Kemiskinan yang terjadi di Riau hingga saat ini masih menjadi tantangan
besar. Pemerintah sejauh ini sudah melakukan berbagai cara untuk menekan jumlah
masyarakat yang tergolong miskin di Riau. Dari tahun ke tahun memang terlihat persentase
penduduk miskin terus berkurang.
Coba lihat saja, di tahun 2012 persentase penduduk miskin di Riau sebesar
8,22 persen. Tetapi dengan segala daya dan upaya yang telah dilakukan oleh
pemerintah, di tahun 2016 jumlah penduduk miskin di Riau hanya tinggal 7,78
persen. Ini sebuah prestasi yang patut diapresiasi. Meskipun persentase
menunjukkan penurunan namun jumlah absolut penduduk miskin yang bertambah besar.
Hal ini disebabkan kenaikan jumlah total penduduk Riau. Walaupun sejatinya
angka kemiskinan tidak akan pernah hilang sepenuhnya. Bahkan di negara semaju
Amerika Serikat pun, angka kemiskinannya selama lima tahun terakhir tidak
pernah kurang dari 11 persen.
Berbicara soal kemiskinan memang mengandung unsur yang sangat kompleks.
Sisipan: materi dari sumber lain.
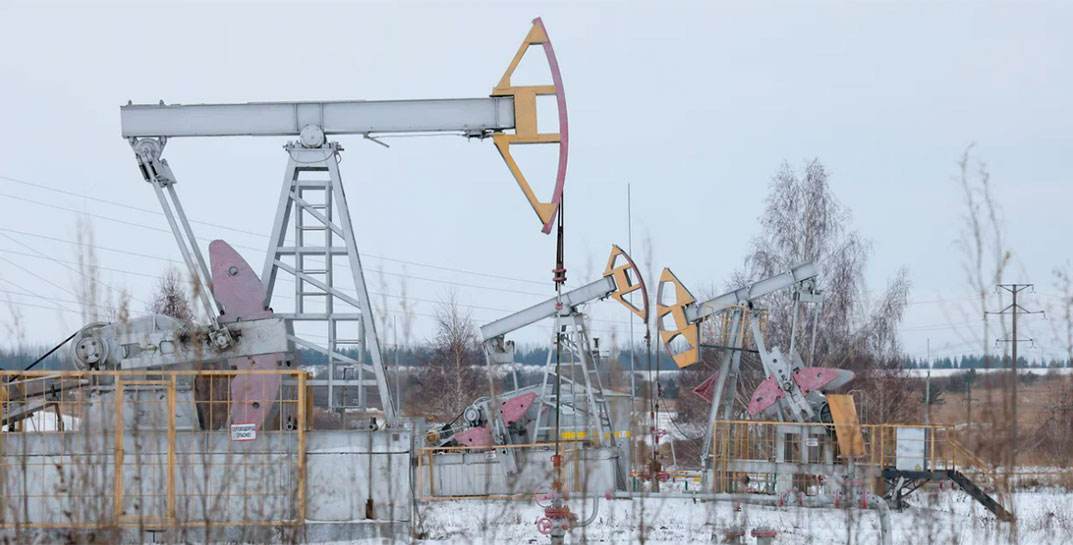 Страны G7 и ЕС договорились установить потолок цен на нефть из РФ в $60 за баррель
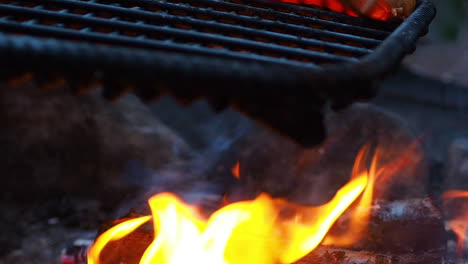 salchichas a la parrilla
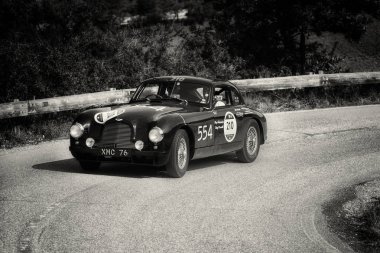 Pesaro Colle San Bartolo, İtalya - Mayıs 17-2018: Aston Martin Db 2 1951 eski bir yarış araba ralli Mille Miglia 2018 ünlü İtalyan tarihi Formula (1927-1957)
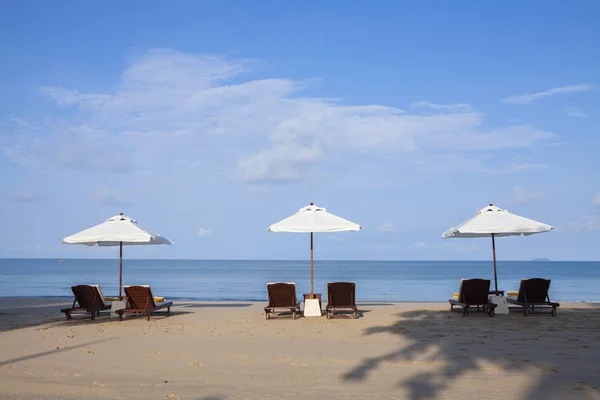 View Chairs White Umbrella Beach Banner Lots Copy Space Koh — Stock Photo, Image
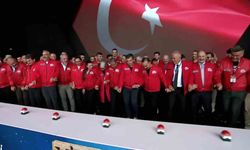 TEKNOFEST açılışında protokol halay çekti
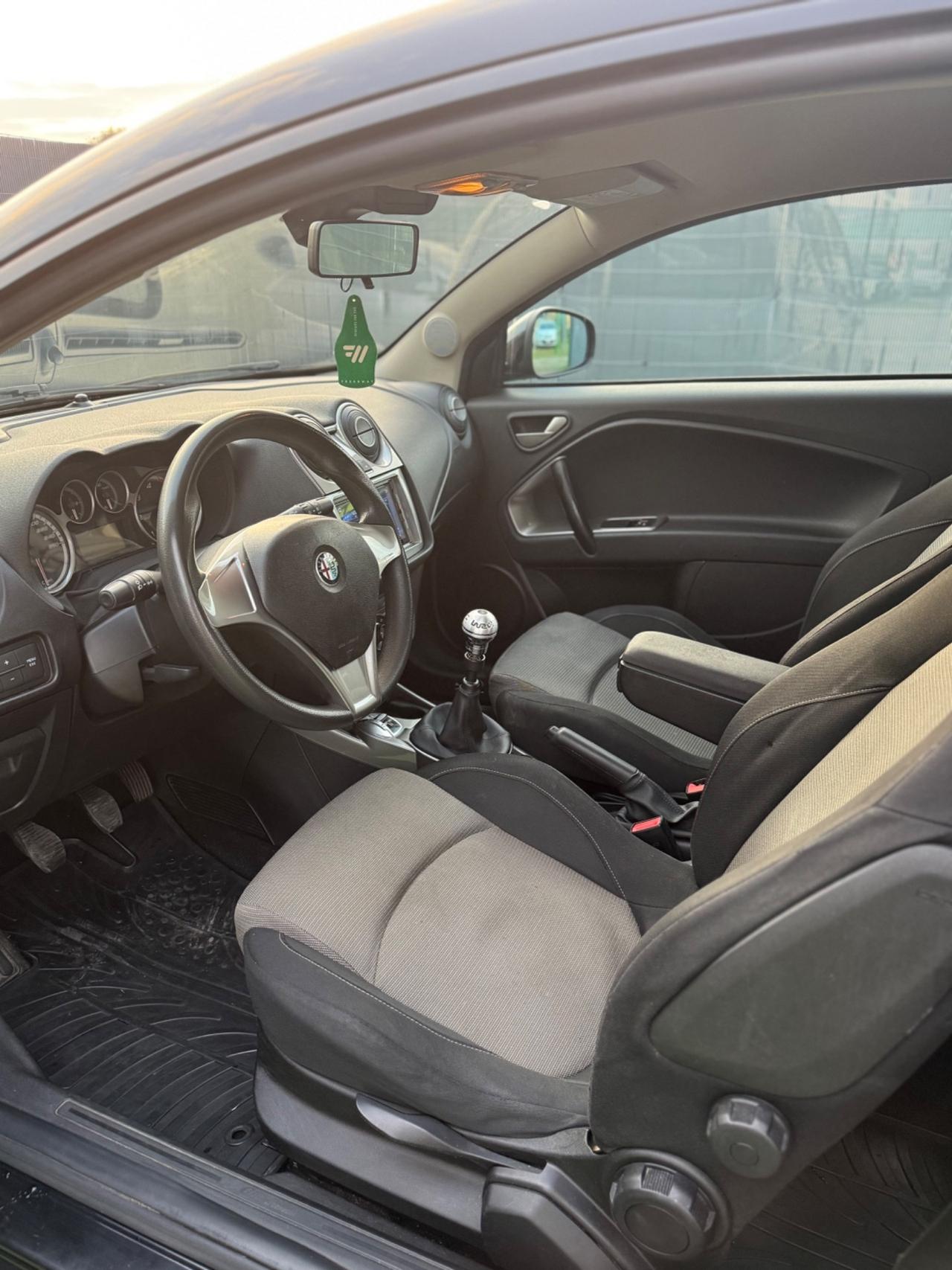 Alfa Romeo MITO 1.6 JTD DISTINCTIVE SPORT PACK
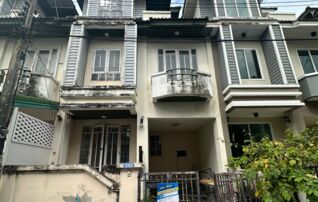 ทรัพย์สถาบันโดย JAM ทาวน์เฮาส์ บ้านวรางกูล รังสิต-คลอง 2 (Baan Warangkul Rangsit-Klong 2)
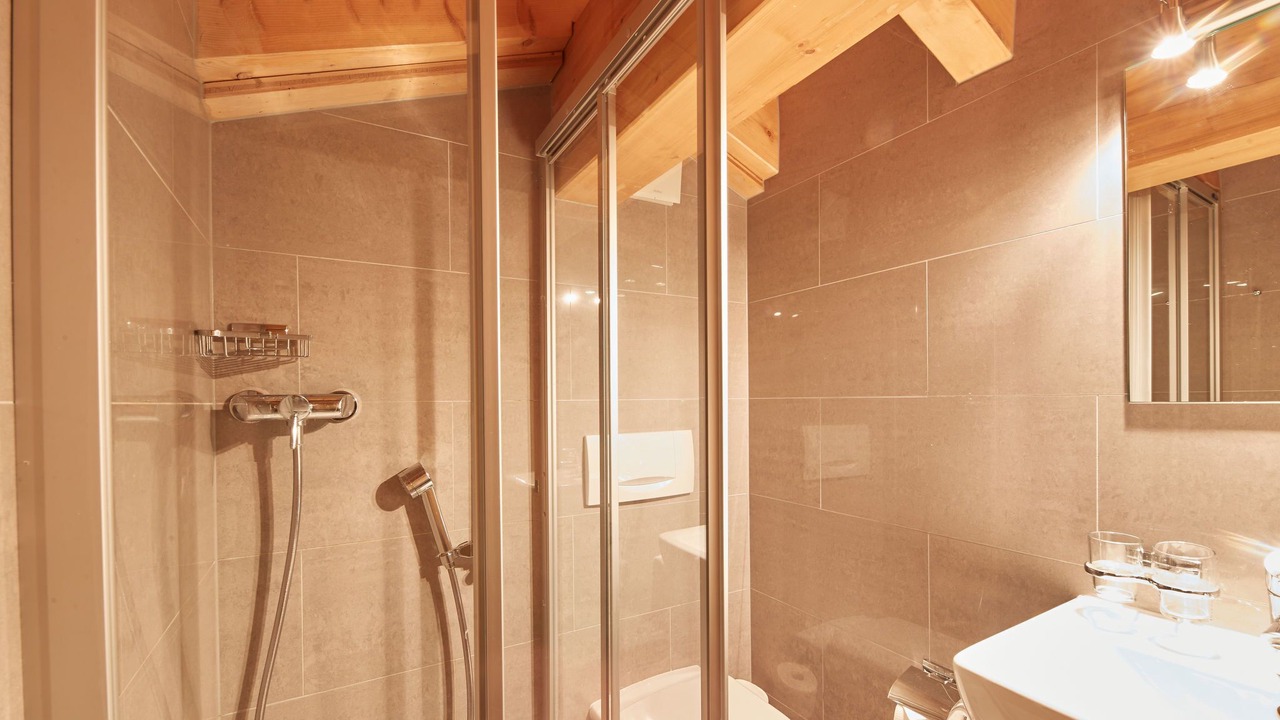 Photo of Bathroom in Vex
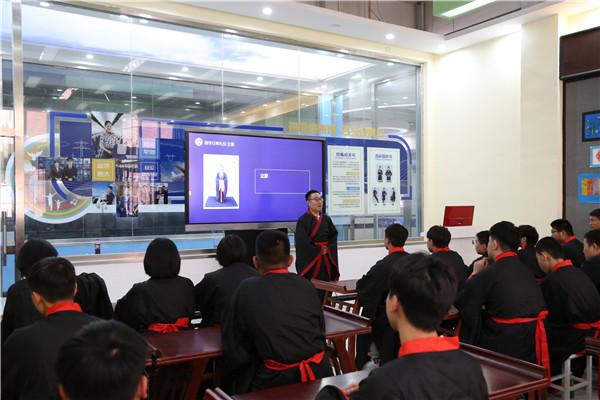 ʯ���f���A��X�W(xu��)У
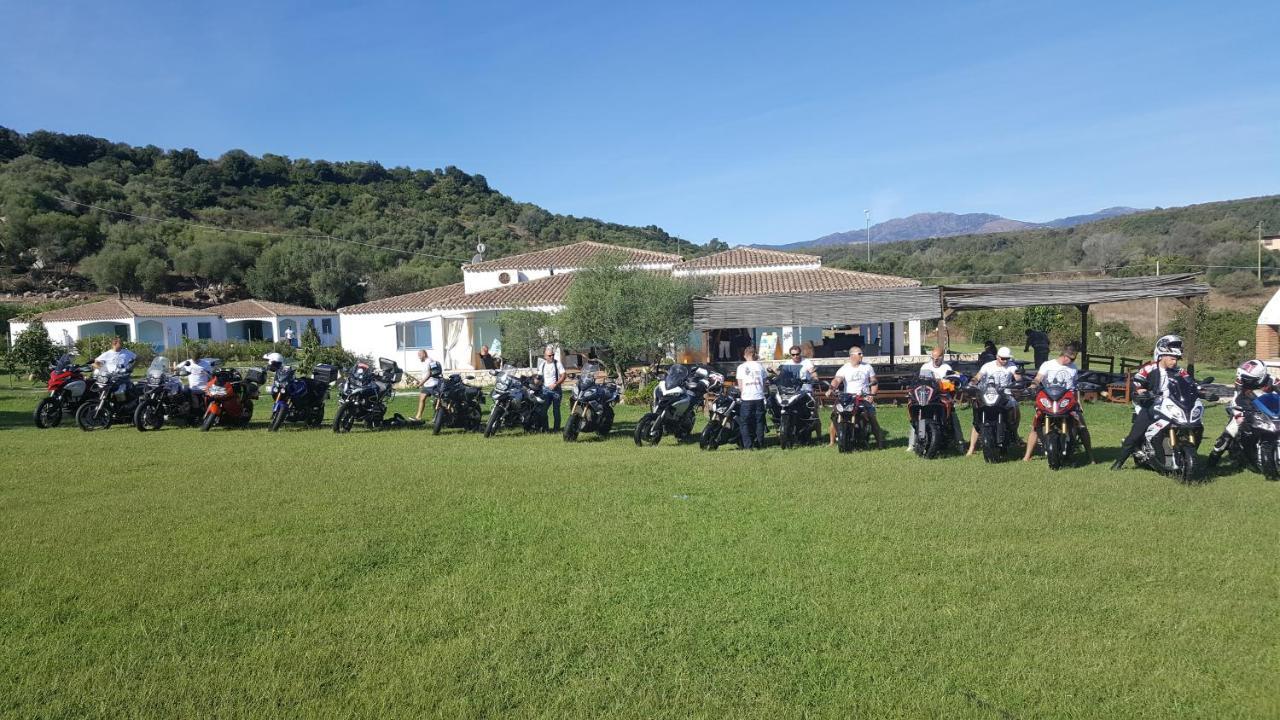 Hotel Baia Cea Bari Sardo Kültér fotó
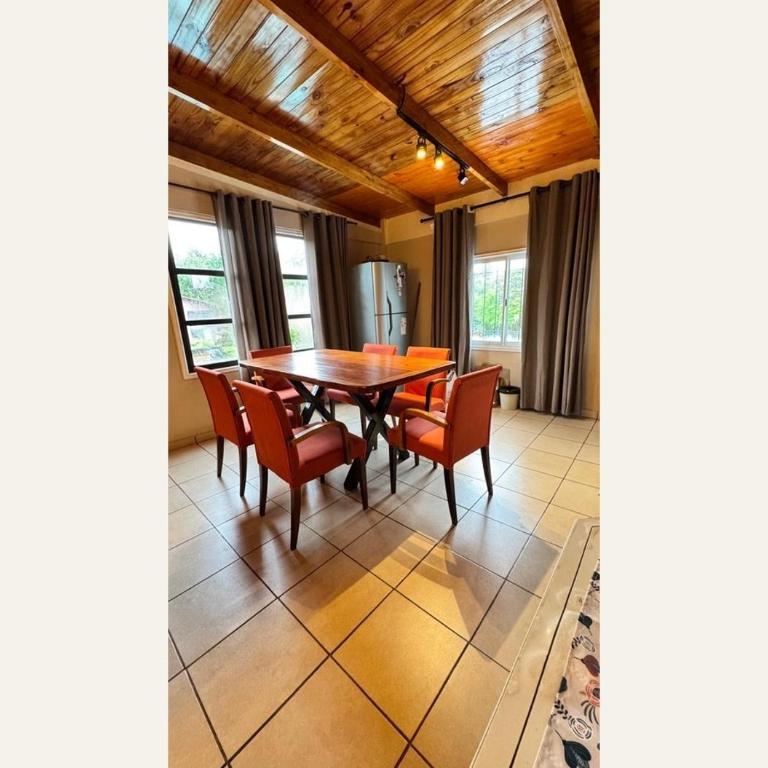 Alojamiento Napoleon - Two-Bedroom Apartment - 4
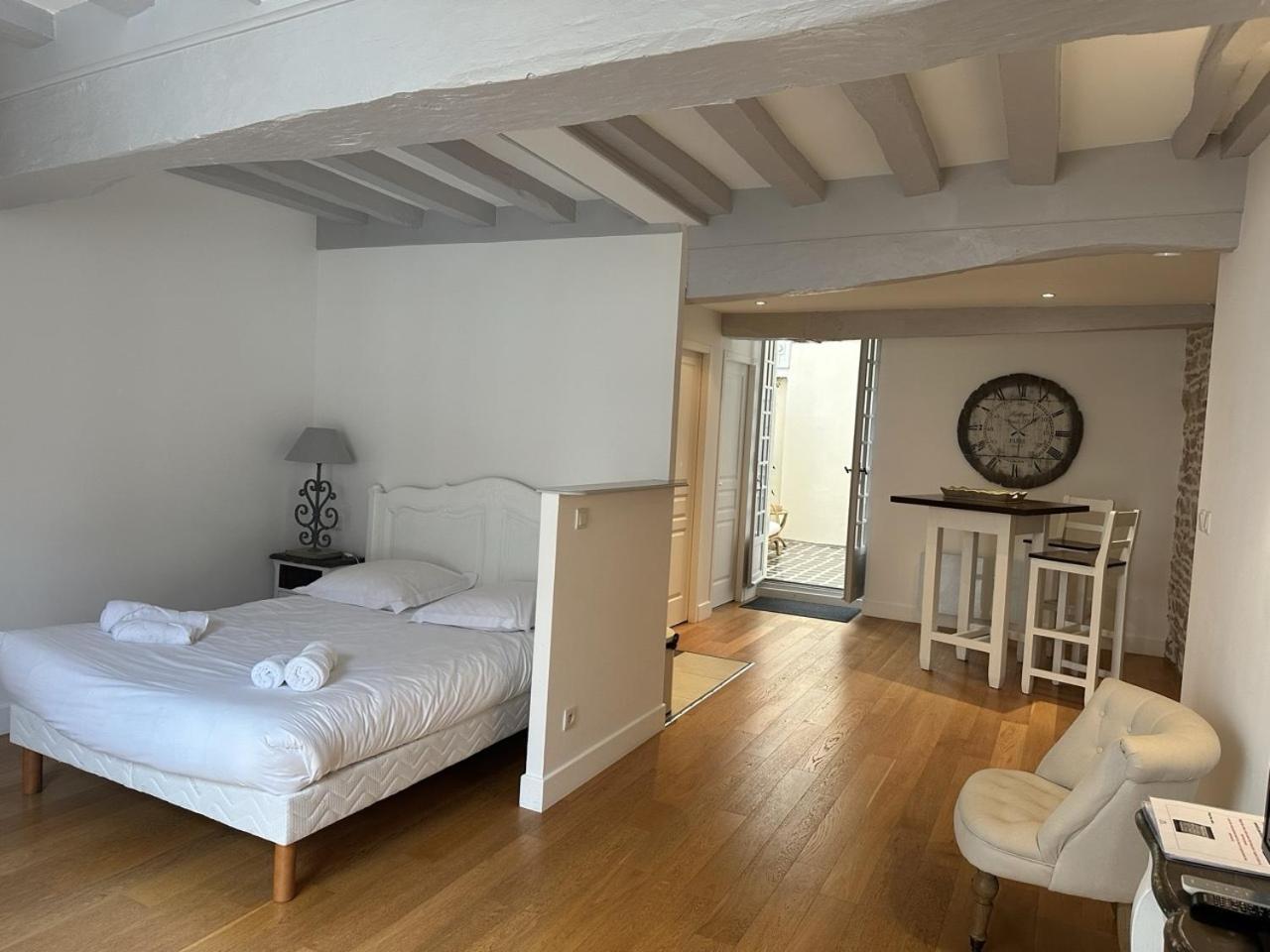 Batisse Paradis- 3 Appartements Calmes Et Elegants Au Centre Historique De Beaune Бон Екстериор снимка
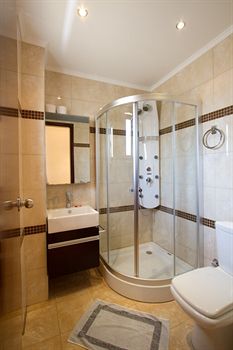 Imagen de la habitación del Hotel Langley Resort Almirida Bay. Foto 6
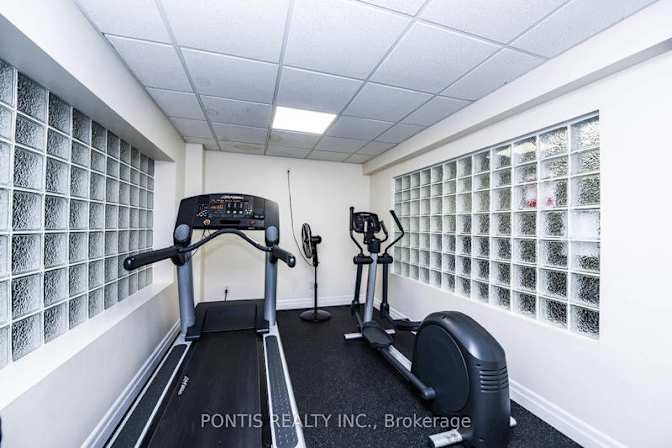 Andrew Karabinos's room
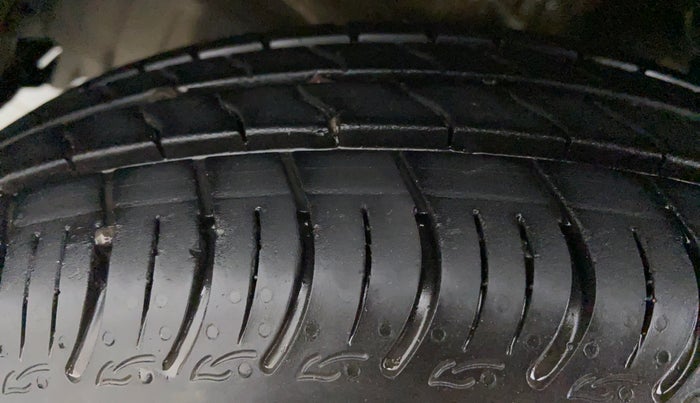 2020 Maruti S PRESSO VXI, Petrol, Manual, 13,090 km, Right Front Tyre Tread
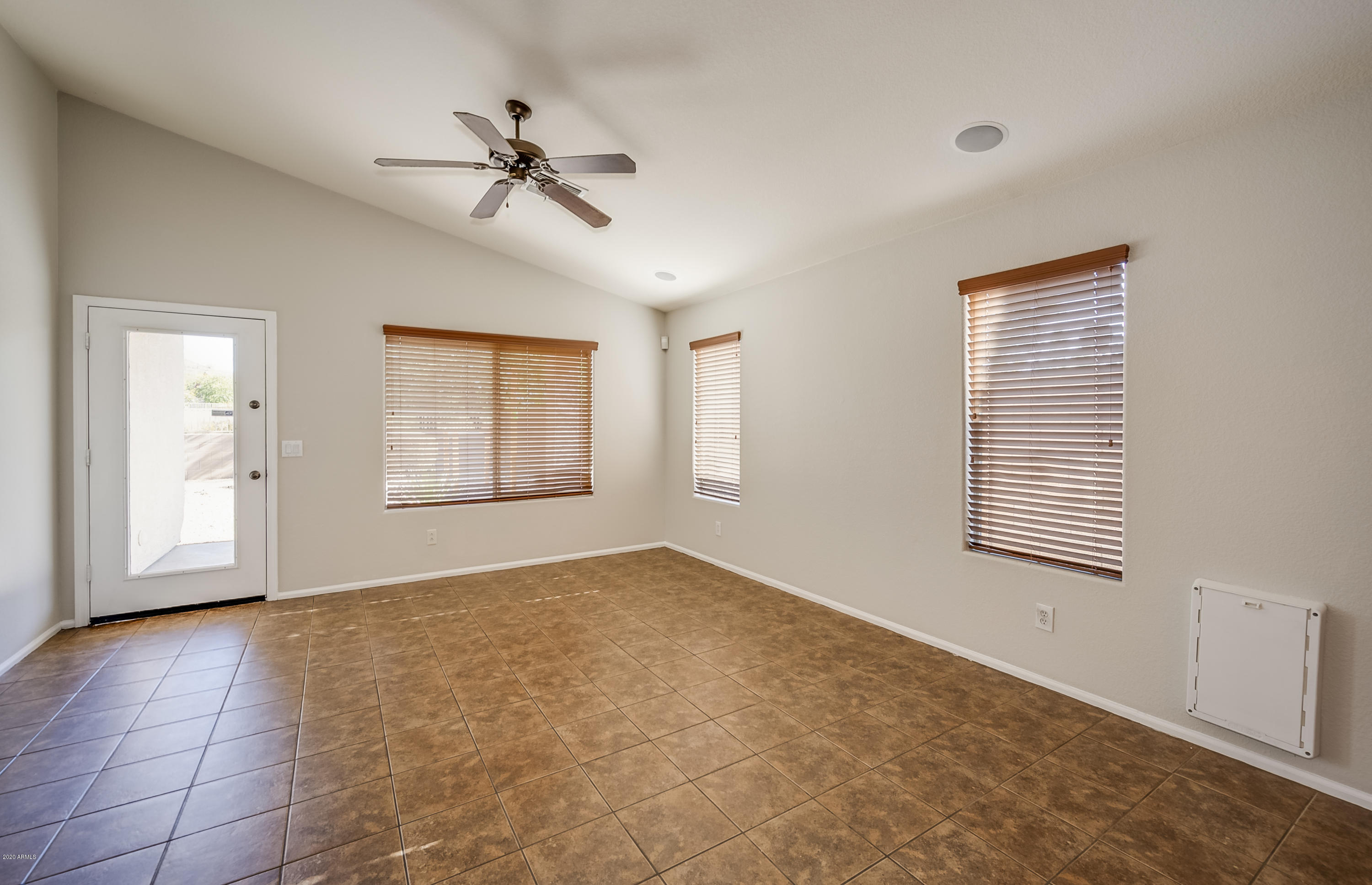 28627 North Nobel Road Phoenix, AZ 85085 - Photo 9 of 30 DSC_7524bvo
Tetapi, jika kita tarik sebuah benang merah, soal kemiskinan yang ada di
Indonesia sangat terkait erat dengan pembicaraan mengenai ketimpangan
pendapatan. Selama ini, pertumbuhan ekonomi Riau
memang selalu positif nilainya, tetapi kondisi tersebut kurang mampu mengurangi
kemiskinan Riau. Laju pertumbuhan ekonomi dalam 3 tahun terakhir juga
menunjukkan bahwa prestasi ekonomi Riau cukup baik. Pada tahun 2014 laju
pertumbuhan ekonomi Riau mencapai angka 2,71 persen. Kemudian turun pada tahun
2015 menjadi 0,22 persen tetapi laju pertumbuhan tersebut masih positif. Angka
laju pertumbuhan ekonomi Indonesia terakhir, yakni pada tahun 2016 kembali
membaik menjadi 2,23 persen. Tetapi, ironisnya, jumlah penduduk miskin
bertambah besar. Padahal laju pertumbuhan ekonomi yang positif menunjukkan bahwa
perekonomian daerah terus bergerak, uang dan investasi pun juga berputar.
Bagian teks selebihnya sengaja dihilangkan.